But it’s like you’re a tree, and after just these couple weeks, I know that tree like I’ve spent my entire life sitting under it. I know which directions the biggest limbs stretch. I know how the leaves ripple and the branches sway in a storm.

Before today, I knew where the knots were, and I knew that someone, at some point, sawed away a limb or two, leaving hard and secret scars, and soft pulpy bits, weeping sap. I knew the tree, and I knew it cast a long shadow. Now, I know what’s hiding in that shadow. I know a little about which limb got hacked off and who by. But it doesn’t change the tree as I know it.

It doesn’t change how I feel. And I feel a lot. More than I dare spell out for you. At least not before another glass of this whiskey.

I’m not even sure if it feels like something daring for me now. I’ve shared the scariest thing, and you still see the tree that is me. And I promise, I will always see the tree that is you. No matter what you say.

You asked me, way back when we first started texting, whose number yours used to be. Who I’d thought I was texting. I’ll tell you now, if you want to hear. If you’re not too raw from everything you just shared with me.

There’s nothing that could make me not want to.

Your number used to belong to an ex-lover of mine.

I met her over three years ago, when I was in Birmingham for a wine and spirits expo. She wasn’t with the convention. We met in a bar, hooked up for a few nights. I didn’t even know her last name at the time, and I don’t think she knew mine.

She was this beautiful, wild tornado of a girl, all art and music and light and energy. When I was with her, it felt like I was vibrating, so hard my bones might rattle apart. It was exhilarating. And after three nights, exhausting.

I figured she’d just be a fond memory, a merit badge on my Narcissist Scout’s sash, proving I was charming and worldly enough to get taken home by a hot English girl.

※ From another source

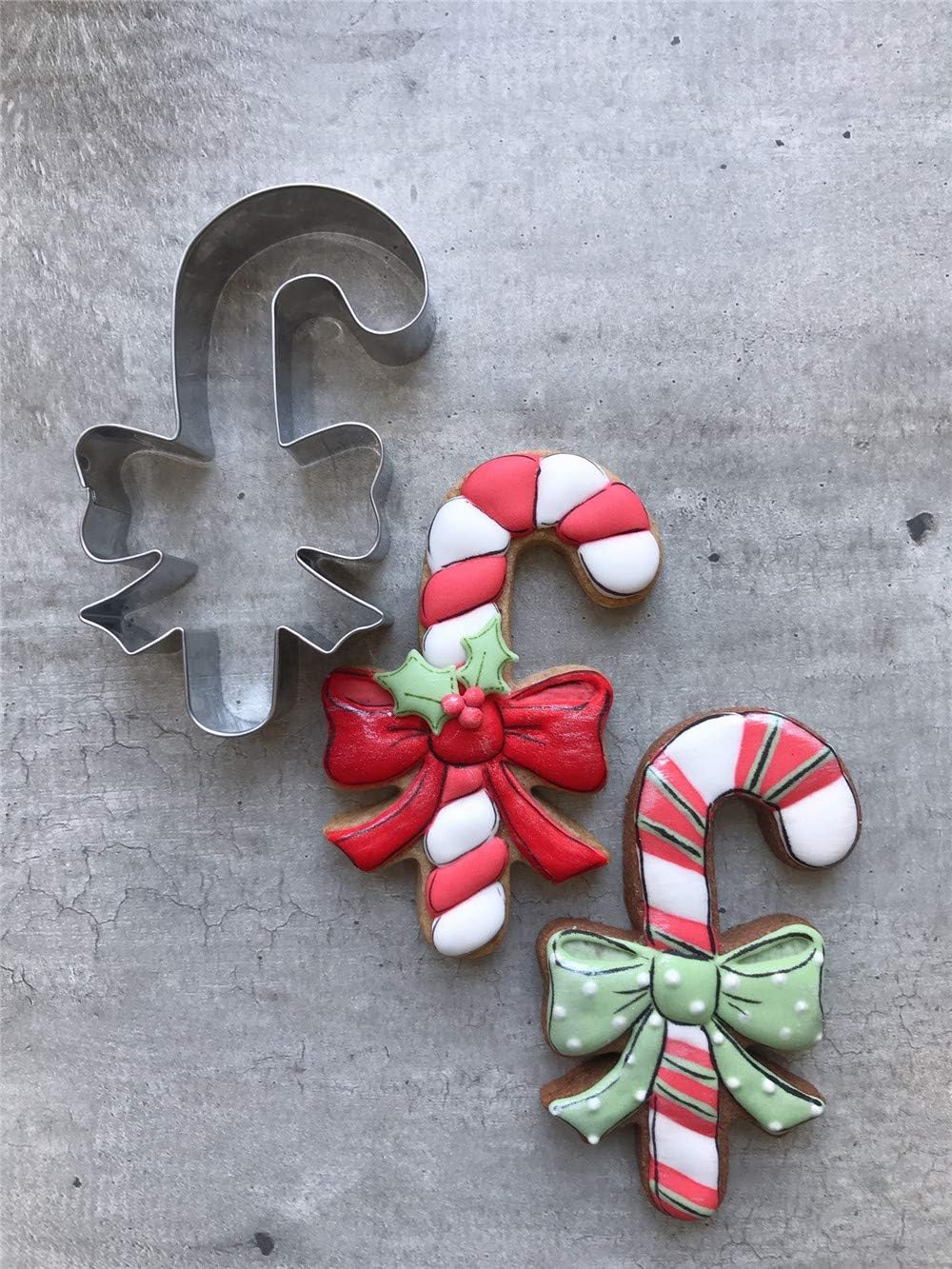 KENIAO Weihnachten Ausstechformen Set - 9 Stück - Weihnachtsbaum, Lebkuchenmann, Zuckerstange, Rentier, Glühlampe, Schneemann, Schneeflocke, Pullover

Then in the spring of last year, I heard from her out of the blue. She’d kept my number. And a year and a half earlier, she’d given birth to my son.

I sent her money. Every month, and didn’t ask for proof he was mine. I waited for her to invite me to see him, all the while praying she wouldn’t, because I’m a coward. She never did.

Last September, I got another call, this one from her mother. The girl had killed herself, cut her wrist in the bathtub. The police think she tried to drown the boy at the same time but didn’t manage it. Only he knows for sure, and he’s not talking.

So to answer your question from all that time ago, I didn’t think you were anyone. I thought that number belonged to a dead woman, to a SIM card trapped in a forgotten phone, its battery dead, lost in a landfill or an evidence bag or who knows where.

You can understand why I never expected to hear back.

Oh, Malcolm.

I thought she was a free spirit. You know that term—manic pixie dream girl? I guess that only works in the movies. In real life, it’s called schizoaffective disorder, and the suicide rate is something like ten percent. Probably higher if you mix in the stresses of single motherhood and a side of drug abuse.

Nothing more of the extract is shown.